Photo Credit: by Aurelien Meunier/Getty Images  /  French President Emmanuel Macron welcomes President of Cameroon, Paul Biya as he arrives for a meeting for the One Planet Summit’s international leaders at Elysee Palace on December 12, 2017 in Paris, France.

By Gary Raynaldo   DIPLOMATIC TIMES

The  surprise move by the United States to  cut some $17 million in military aid to west-central Africa nation Cameroon should put France to shame.  The U.S. announced last Thursday it is slashing the nearly $20 million in aid earmarked for such items as airplanes, patrol boats, armored vehicles, and drones over growing concerns of serious human rights violations in Cameroon.  Horrific videos circulated online last year showing Cameroonian security forces shooting and killing civilians,  including children, and in one incident a woman who had a small baby strapped on her back which  was also killed.  Cameroon’s main opposition leader, Maurice Kamto, who insists he won last October’s presidential election, was arrested last Sunday and charged with insurrection. 
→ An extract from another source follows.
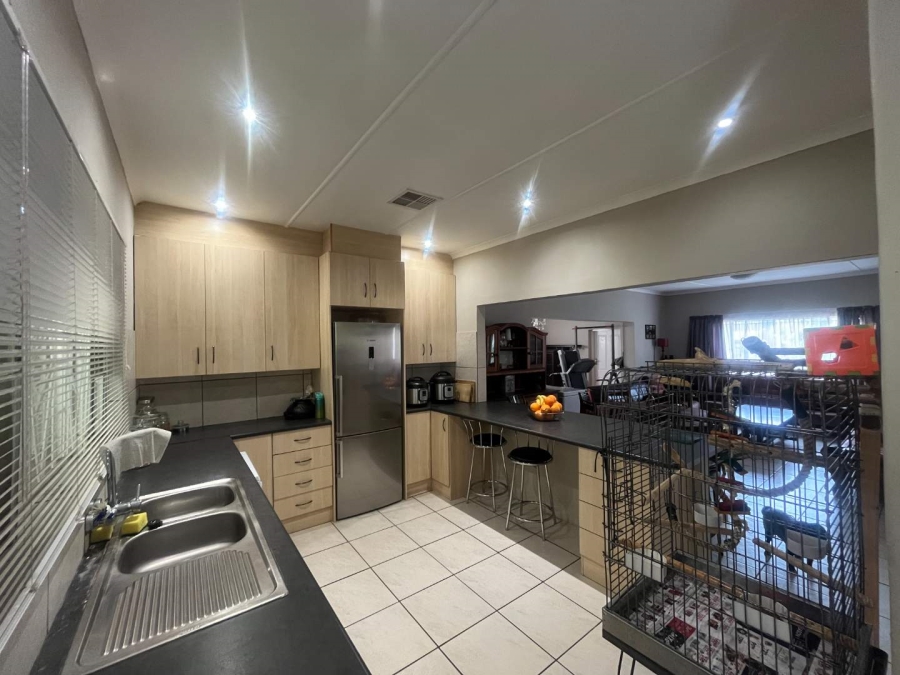 5 Bedroom Property for Sale in Keidebees Northern Cape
Amnesty International Calls On Cameroonian Authorities To Improve Human Rights 

“Instead of taking steps towards improving the country’s human rights record, we are witnessing the authorities becoming less and less tolerant of criticism This must stop. The authorities should now allow people to enjoy their human rights including by ending the crackdown on peaceful demonstrations and dissenting voices.”

Samira Daoud, Amnesty International’s West and Central Africa Deputy Director. 

 
France Says It Will Not Follow The U.S. Action In Cutting Any Military Aid With Cameroon:

Q : Are you considering the possibility of suspending military cooperation with Cameroon, as the United States has done?

 A : “France is bound by a partnership agreement on defense in which it acts according to current international norms. Our structural cooperation on security and defense with Cameroon focuses on officer training. We supply advisors to the International War College, the Command and Staff College, and the International School for Security Forces in Yaoundé. Recognized by a number of nations, these international schools host interns from more than 25 African countries.  In full compliance with international humanitarian law and the law of armed conflict, this cooperation also aims to assist Cameroon’s security and defense forces to combat terrorism and particularly Boko Haram in the northern part of the country, while protecting local populations. This cooperation is ongoing.”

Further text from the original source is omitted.